Каждый город пронизан сетью узких, извилистых переулков. Маленький ослик из породы «буррико», той самой, представителя которой так безжалостно убил в Алжире вместо льва Тартарен из Тараскона, от головы до хвоста занимает как раз всю ширину улицы — от дома до дома. Переулки незаметно уводят вверх. Там, наверху, как я это и поняла сразу при взгляде на первый лежавший на нашем пути город мозабитов, весь этот архитектурный комплекс увенчан четырехугольным минаретом мечети, служащим центром внешнего художественного облика города. Двадцатидвухметровый минарет Гардаи, например, виден почти из каждого узенького переулка. Он — как бы постоянный ориентир в этом лабиринте высоких глухих стен. А на закате солнца он напоминает путешественникам свечу, зажженную над городом.
Строгость, простота и экономия средств создали во всех городах такую гармонию, на какую бывает способна лишь сама природа. Эти города с их крепостными стенами, мечетями, базарами, колодцами словно сами, естественным путем, пришли в мир, не испорченные человеческим вмешательством, назойливостью, выдумкой. Целостность и законченность архитектурного ансамбля М’Заба, его слитность с природой, точное соответствие реальным, естественным условиям, логическое сочетание стихийного и рационального чрезвычайно высоко ценил Ле Корбюзье. Именно этому идеалу он пытался следовать в своем творчестве.

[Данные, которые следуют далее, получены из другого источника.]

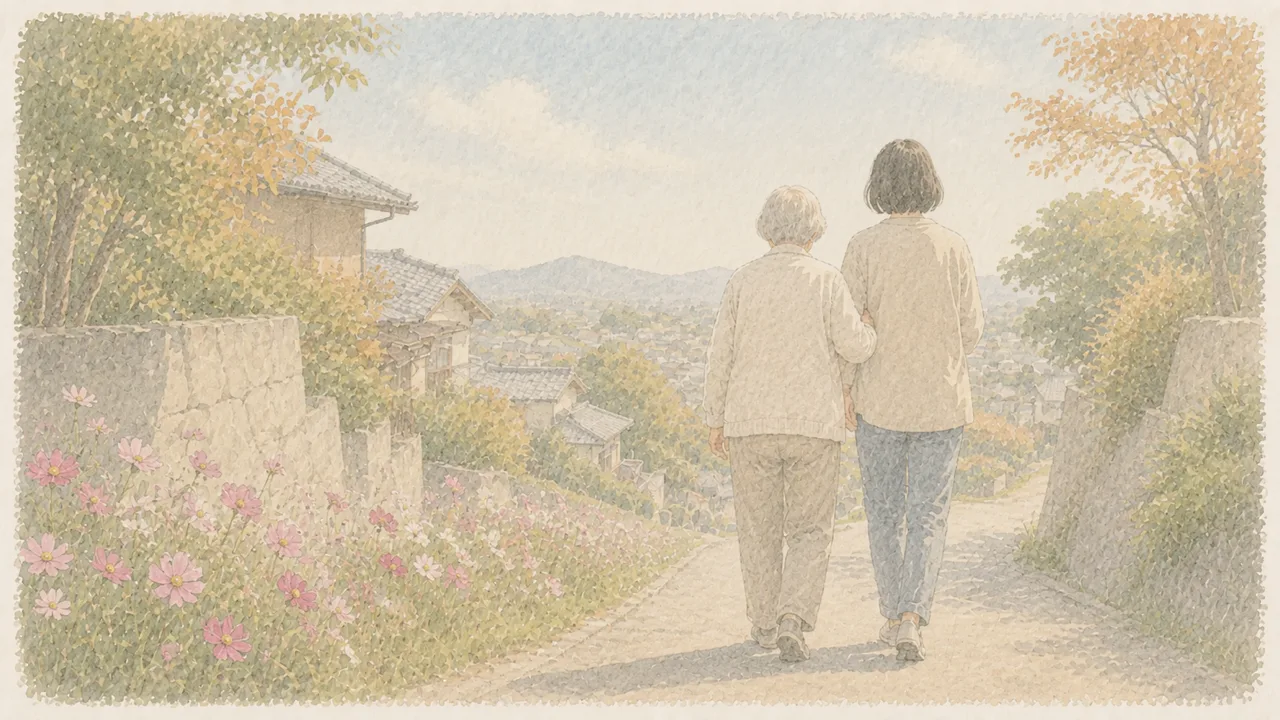 秋の日ざしの中、住宅街のゆるやかな道を、年配の方と付き添う家族がゆっくり並んで歩いている後ろ姿の水彩イラスト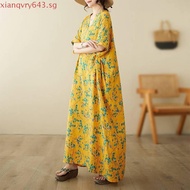 Oladivi Fashion Floral Printed Plus Size Bohemian Long Dress Women Summer New Short Sleeve Casual Lo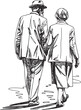 © Miraz - Minimalist black linear sketch of an elderly couple walking hand in hand along a tree lined path captured in a continuous line art drawing style perfect for love and life themes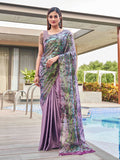 Tikhi Imli Mauve Abstract Printed Satin Half and Half Saree - Distacart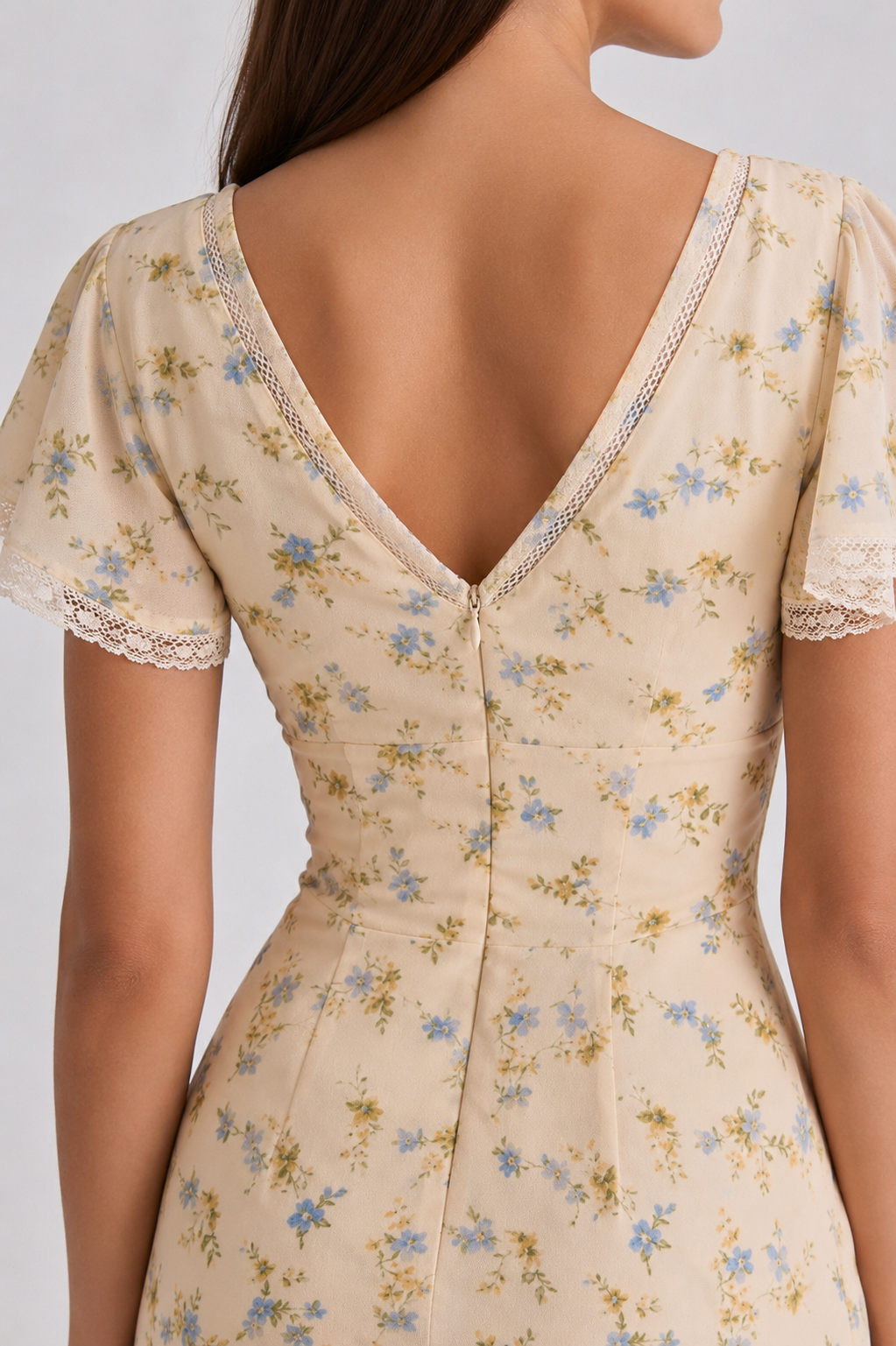 Vestido Longo Floral com Manga Princesa Modern Jamylle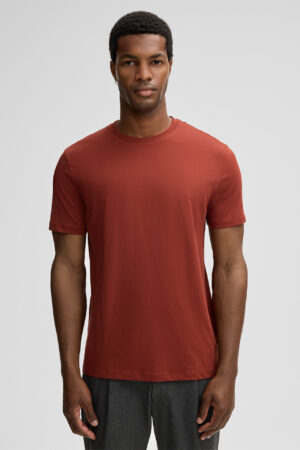 Ķiegeļsarkans kokvilnas T-krekls vīriešiem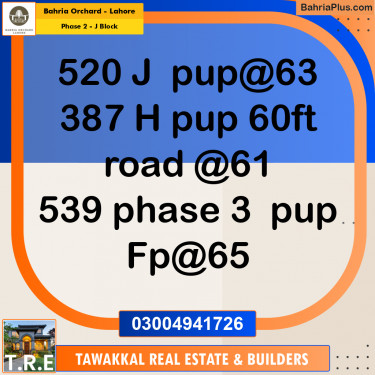 Residential Plot for Sale in Phase 2 - J Block -  Bahria Orchard, Lahore - (BP-193241)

Мой спутник, молодой советский химик из Горького, преподающий в Алжире, Володя Титов безостановочно щелкает фотоаппаратом. А меня, признаться, охватывает страх, ибо, как читатель уже знает, мусульмане вообще отрицательно относятся ко всякого рода изображениям человеческого лица, а в Гардае эта черта явно должна быть усугублена строгостью нравов. До последнего времени на некоторых воротах здешних городов сохранились надписи, запрещавшие иноверцам вносить сюда фотоаппараты. И вдруг на одной из улиц Гардаи мы видим фотомагазин фирмы «Кодак», а через квартал — еще один.